There are three main takeaways of their analysis:
1) Poor kids are six times more likely to attend ‘high-poverty’ public schools
High-poverty public schools are defined as those in which more than 75 percent of students are enrolled in the school lunch program. So poor kids—who are already at a disadvantage before they even start school—disproportionately attend schools that don’t have as many resources to get them up to speed.
”Some children from poor families will need more attention and resources to perform to their potential,” Reed Jordan, the researcher behind the Urban Institute’s data analysis, writes via email. “High-poverty schools tend to lack many of these resources, let alone things that are considered ‘extras,’ like after-school programs and AP courses.”
According to Jordan’s analysis, around 40 percent of kids from low-income families go to high-poverty schools, while only about 6 percent of kids from such families attend low-poverty schools (where less than 25 percent of their peers also come from low-income families). For kids from families above the low-income threshold, the opposite is true: only 6 percent go to high-poverty schools, whereas 37 percent go to richer, more well-equipped schools. The Urban Institute doesn’t mince words when explaining the data:
This is concentrated disadvantage: the children who need the most are concentrated in schools least likely to have the resources to meet those needs.
The following two maps illustrate the imbalance; the one on the left shows the share of low-income kids attending high-poverty schools across the country, while the one on the right shows the share of students at these schools who are not from low-income families:
2) Poverty isn’t just concentrated in inner-city public schools
Southern states such as Louisiana, Mississippi, and Texas have the highest concentration of poverty in public schools. But within these states, it’s the rural schools that have the largest proportions of low-income attendees. Schools in Jackson, Owsley, and Clay counties in Kentucky, for example, have more than 60 percent low-income students. And this pattern is true across the poorest parts of rural Mississippi, Alabama, and Georgia.
In the north, poor do students tend to concentrate in urban schools, such as those in Hennepin County in Minneapolis, and Marion County in Indianapolis. Schools in heavily Native American areas, such as the Lakota region of South Dakota, also have large shares of low-income students.

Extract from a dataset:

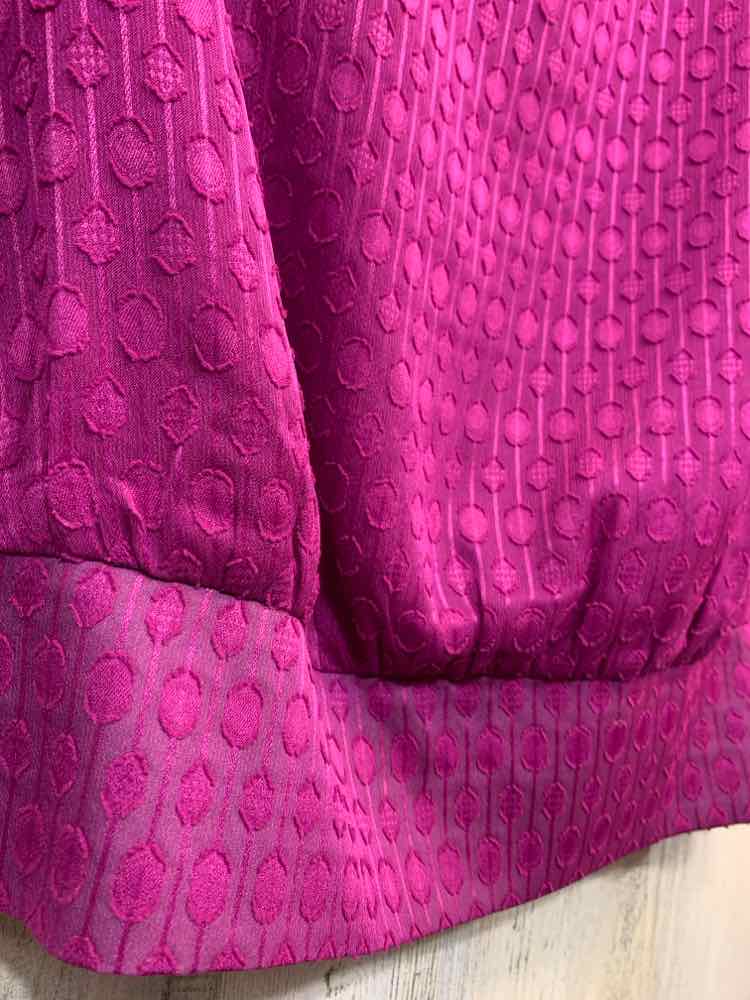 NWT ANN TAYLOR Tops Size S MAGENTA Polka Dot SHORT SLEEVES Blouse/BOAT NECK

Here’s a map showing the share of low-income public school-goers by county:
3) Black students are six times more likely to attend high-poverty schools
While 45 percent of black students attend high-poverty schools, the share of white students attending these schools is only 7 percent. On the other hand, only 8 percent of white students attend poorer public schools; around 30 percent go to low-poverty ones. The Urban Institute summarizes the racial imbalance this way:
In some metropolitan areas, the racial concentration of school poverty is so severe that black and white students effectively attend two different school systems: one for middle- and upper-middle-income white students, and the other for poor students and students of color.

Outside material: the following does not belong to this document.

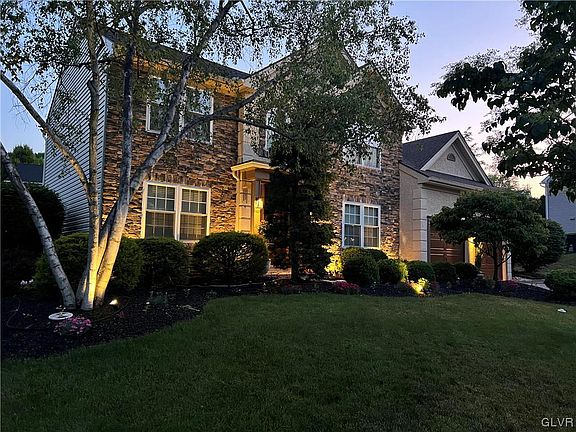 2nd image of 2303 Hannahs Ln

This is especially true in the major metro regions of the Northeast and Midwest. In Chicago’s Cook County, for example, 75 percent of black teens go to high-poverty schools, while only 10 percent of white students attend these schools.
Below, the map on the left shows the share of black children in high-poverty schools, and the one on the right shows the share of white children at these schools:
The key to resolving these disparities may lie in combining fair housing policies with education policies geared toward integration, according to the Urban Institute. Montgomery County, Maryland, for example, has seen some success implementing such a program. The case of Louisville, Kentucky, proves that desegregating public schools isn’t an easy task. But it’s a necessary one—a public school that helps its students succeed is more than a public amenity, it’s a civil right.